● Assignment:
Restate, exactly as written, the entries below from the line that holds "Evolved Block字体转换" through the line that holds "Blinblin Major 1". Pictures are not part of the copy.

● Supplied records:
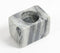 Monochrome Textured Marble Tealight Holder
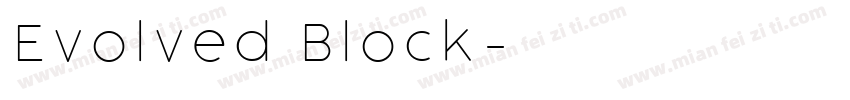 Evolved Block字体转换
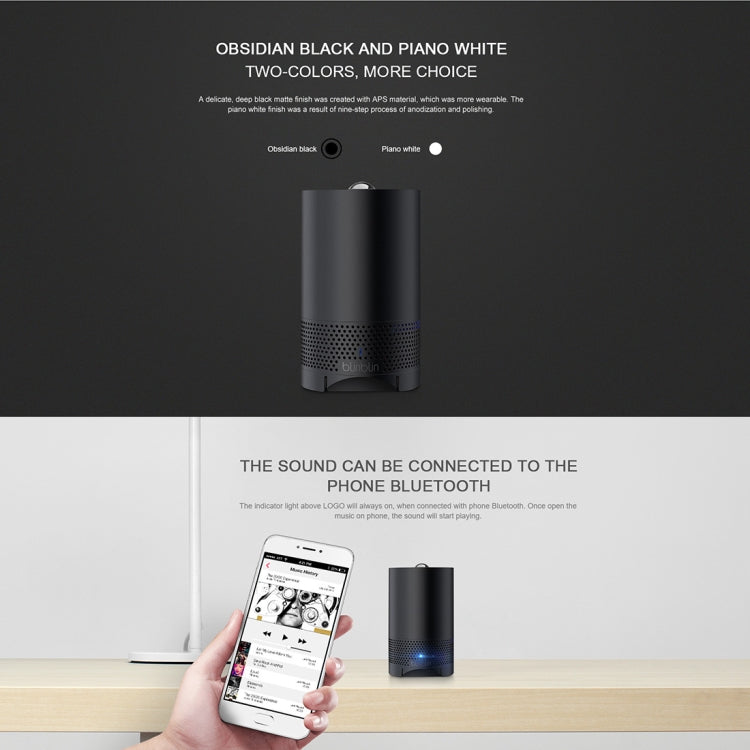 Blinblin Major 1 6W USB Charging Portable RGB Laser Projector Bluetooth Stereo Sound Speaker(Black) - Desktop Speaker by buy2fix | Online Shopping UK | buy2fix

---

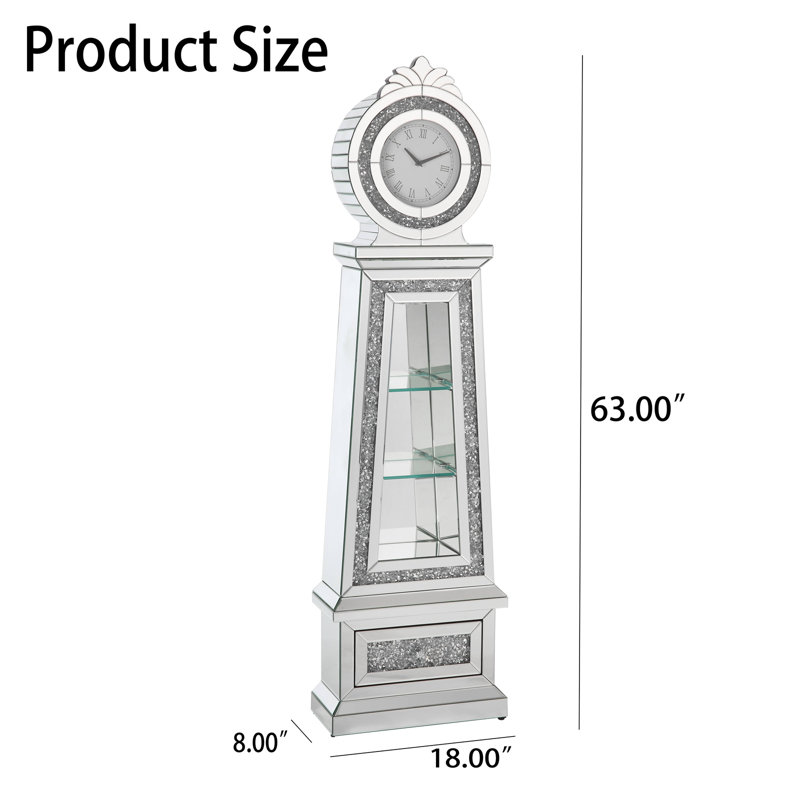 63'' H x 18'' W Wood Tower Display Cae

● Answer to the problem:
 Evolved Block字体转换
 Blinblin Major 1 6W USB Charging Portable RGB Laser Projector Bluetooth Stereo Sound Speaker(Black) - Desktop Speaker by buy2fix | Online Shopping UK | buy2fix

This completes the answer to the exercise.